Nersa rejects Eskom renewable IPP decision

Clarity about future budget quotes on Friday – Eskom

Eskom got another bloody nose at the National Energy Regulator (Nersa) on Wednesday, this time about a decision that, if approved, could bring government’s successful procurement of renewable energy from independent power producers (IPPs) to a halt.

Moneyweb earlier reported that Eskom asked for exemption from the obligation to issue budget quotes to preferred bidders beyond round three of the renewable IPP programme. These quotes are for the cost of infrastructure needed for connecting to the grid.

The cost is for the account of the IPP, but the quote is a requirement for financial close and for reaching a power purchase agreement (PPA), which places an obligation on Eskom to buy the power these IPPs will generate, for the next 20 years.

Eskom has suspended the issuing of budget quotes until April 1, 2018, apparently in an effort to avoid incurring this obligation. In its application for the exemption it said it needed a revenue guarantee from Nersa before it can proceed with the budget quotes.

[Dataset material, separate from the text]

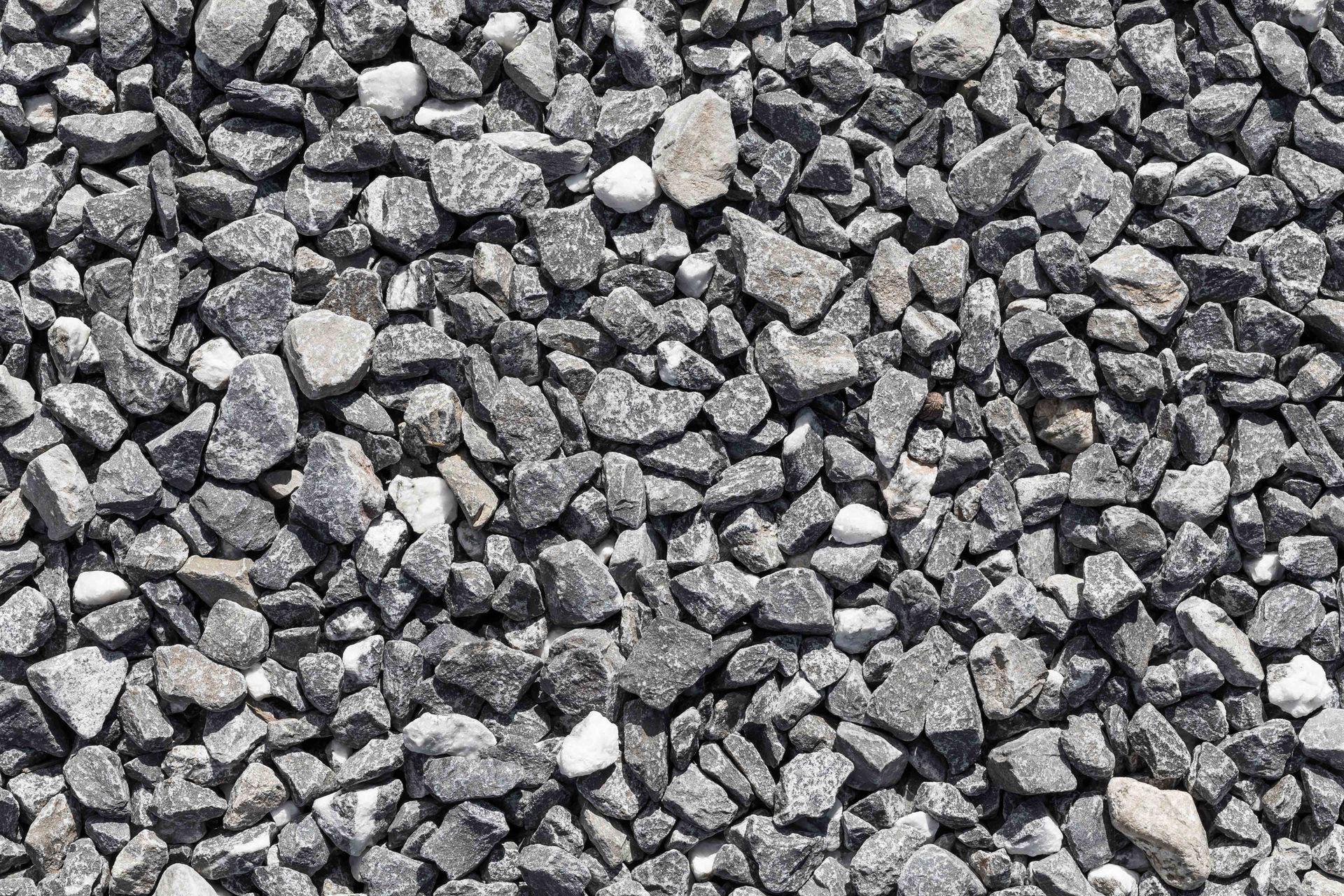 Aggregate Materials — Sanford, ME — R. Pepin and Sons Inc.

Twenty-six preferred bidders have already been announced in round four of the procurement process, representing a total nameplate capacity of 2 205MW and investment commitment of almost R50 billion. These projects and all subsequent renewable projects could have been seriously at risk if Eskom’s application was granted.

Nersa’s electricity sub-committee rejected Eskom’s decision during its meeting on Tuesday. This is expected to be confirmed by the regulator itself during its meeting at the end of the month.

During the discussion Nersa chairperson Jacob Modise characterised the Eskom application as “cheeky”, equating it to blackmail. Modise said Eskom has to comply with its licence conditions, which include the requirement that it issues budget quotes within the prescribed timeline. He said the government could not allow all this renewable development and then allow this decision by Eskom.

Regulator member for electricity TT explained that Eskom’s current tariff application (MYPD3) that stretches until March 31, 2018, made provision for renewable projects according to the planning in government’s Integrated Resource Plan 2030 (IRP2030) and the necessary revenue was approved.

As a result of Eskom’s generation deficit the Department of Energy however accelerated its procurement, which resulted in projects being developed earlier than was anticipated during the MYPD3 determination.

This means that provision has not been made in the MYPD3 revenue allocation for funds for Eskom to buy electricity from the expedited projects.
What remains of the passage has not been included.